Cosa ci stanno a fare queste marionette della politica se l'Expo della Lombardia parla di mare, di isole e di deserti nel cuore di una regione (non solo la Lombardia) fatta di montagne e di fiumi da esse alimentati? Tolto il riso (introdotto come coltivazione su larga scala dagli Sforza) l'agricoltura di cui parla l'Expo è esotica e rigidamente vegetale. Le Terre Alte semplicemente non esistono. E dov'è la terra del burro, della panna, del mascarpone, degli stracchini, dei formaggi, la celebrata (sia pure spregiativamente) Milano-Paneropoli del Foscolo (pànera = panna in lombardo)?
Non legare un'esposizione mondiale al territorio (se non per vaghi richiami simbolici ai corsi d'acqua pretesto di esercizi di archistar) è la manifestazione del provincialismo in cui è caduta (da tempo peraltro) la cultura delle pseudo classi dirigenti di Milano e Lombardia. Ferme ad una cultura che rinnega il più possibile sè stessa e insegue i miti dell'ipermodernismo senza radici mentre in tutto il mondo ci si riposiziona nel gioco globale valorizzando al massimo anche quelle risorse "localizzate" di capitale culturale e sociale (legate in larga misura all'identità). Così si conferma un destino da "provincia dell'impero" commissariata (da Roma, Bruxelles, Berlino, Washington e chi più ne ha ne metta).

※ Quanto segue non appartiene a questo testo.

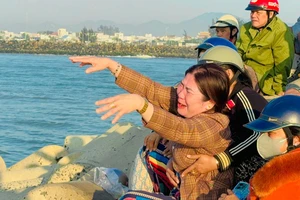 Một thuyền trưởng tử nạn tại cửa biển La Gi, dự án nạo vét vẫn dậm chân tại chỗ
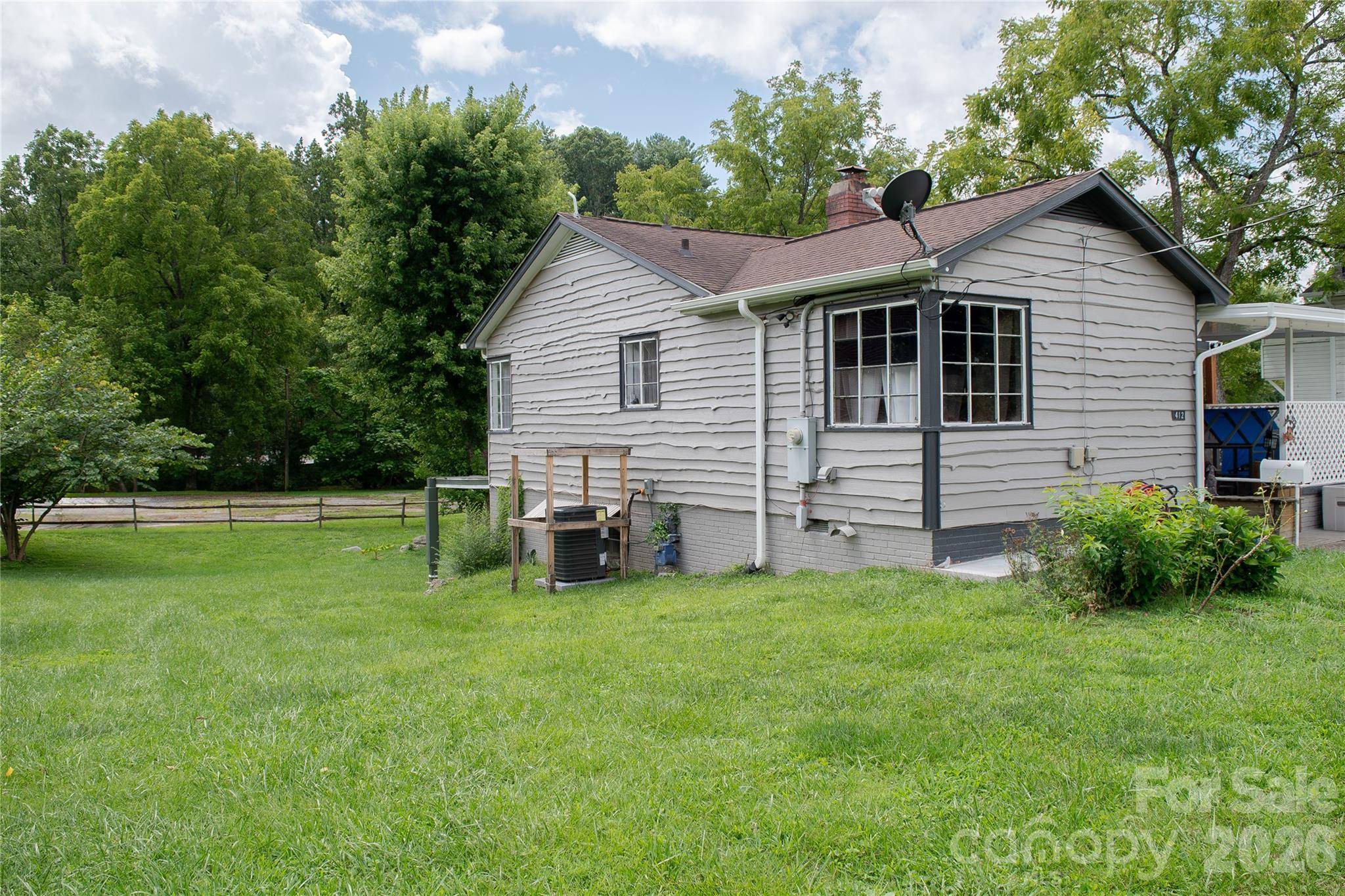 412 1st AVE W, Hendersonville, NC 28739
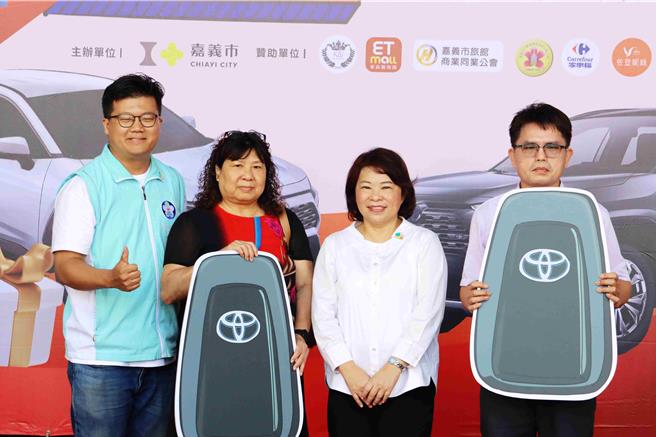 2辆百万油电名车得主皆姓郭，两人今开心出面领奖。（吕妍庭摄）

In altri tempi (anni '60-'70) censurare l'identità e la cultura popolare (che in Lombardia sono ampiamente influenzate da una rimossa, ma fortemente presente, dimensione montana) poteva forse fruttare in termini di ambiguo ruolo nazionale della "capitale morale" nonché di proiezione internazionale. Oggi è solo autolesionismo. Ma i "politici" sono lì a fare gli zerbini dei poteri forti e non capiscono o fanno finta di non capire. Viene però da chiedersi anche cosa siano lì a fare (oltre a incassare consulenze) accademici ed esperti e cosa ne pensano Slow Food e Petrini (rientrato abbastanza curiosamente alla grande nel meccanismo Expo dopo la sdegnosa uscita). Al di là dell'entusiasmo per qualche spruzzata rituale di biodiversità e per il tema del "nutrire l'Africa" (che dovrebbe andare oltre l'assistenzialismo peloso neocolonialista) il resto dell'impostazione va bene a Slow Food?
Rompere il conformismo
Per
fortuna ci
sono
intellettuali
come Robi
Ronza che,
rispolverando
i connotati
anticonformisti
e antiborghesi
della
Comunione e
Liberazione
delle origini
(oggi
sopravvissuti
quasi solo
nell'attività
indipendente
di Jaca Book),
rompono le
convenzioni di
ossequio al
politicamente
corretto e
dicono in
faccia alle
marionette del
potere cosa
pensano.
Sui temi dell'Expo Ronza ha avanzato critiche corrosive con un articolo apparso sul quotidiano online "ilsussidiario.net" del 24 dicembre- L'intervento di Ronza è un po' fuori del coro rispetto al ben altro modo di porsi rispetto all'Expo de Il Sussidiario (dove abbondano le leccate a Letta) e di una Compagnia delle Opere che ambisce sempre ad avere il suo spazio nell'evento anche se sa bene che non sono più i tempi che avevano portato alla sua egemonia in Fiera Milano. In ogni caso Ronza, che è voce libera, non le ha mandate a dire (e che si rivolgesse a Maroni e alla Lega, però, è lampante...). Così ha parlato di Expo dalla:
forte dipendenza dall'aristocratico esotismo del National Geographic Magazine nonché dai raffinati supplementi in carta opaca di Repubblica e del Corriere della Sera, peraltro così vicini ai depliant in carta patinata delle agenzie specializzate in esclusivi e costosi viaggi di turismo intercontinentale«intelligente»
Possiamo
vederci anche
un riflesso di
una cultura da
Forum (e del
Center) su
Food and
Nutrition
della Barilla
foundation: ovattati
consessi con
location
bocconiana
(anche se a
Milano c'è una
Facoltà di
Agraria e
Alimentazione
che è la più
importante in
Italia).
Consessi dove
si dice ogni
bene della
"dierta
mediterranea",
che la carne
fa male e
contribuisce
all'effetto
serra (mettendo
sullo stesso
piano carne da
allevamenti
industriali e
quella da
allevamenti
estensivi
sostenibili).
Ma poi si
lasciano nel
vago i nessi
concreti tra
industria
alimentare
global e i
sistemi
agricoli di
approvvigionamento
(forse per non
dire anche che
la materia
prima - semola
e semolati di
grano duro
- dell'industria
pastaia
nazionale
viene da paesi
dove si
trattano i
campi con
pesticidi
vietati in
Italia).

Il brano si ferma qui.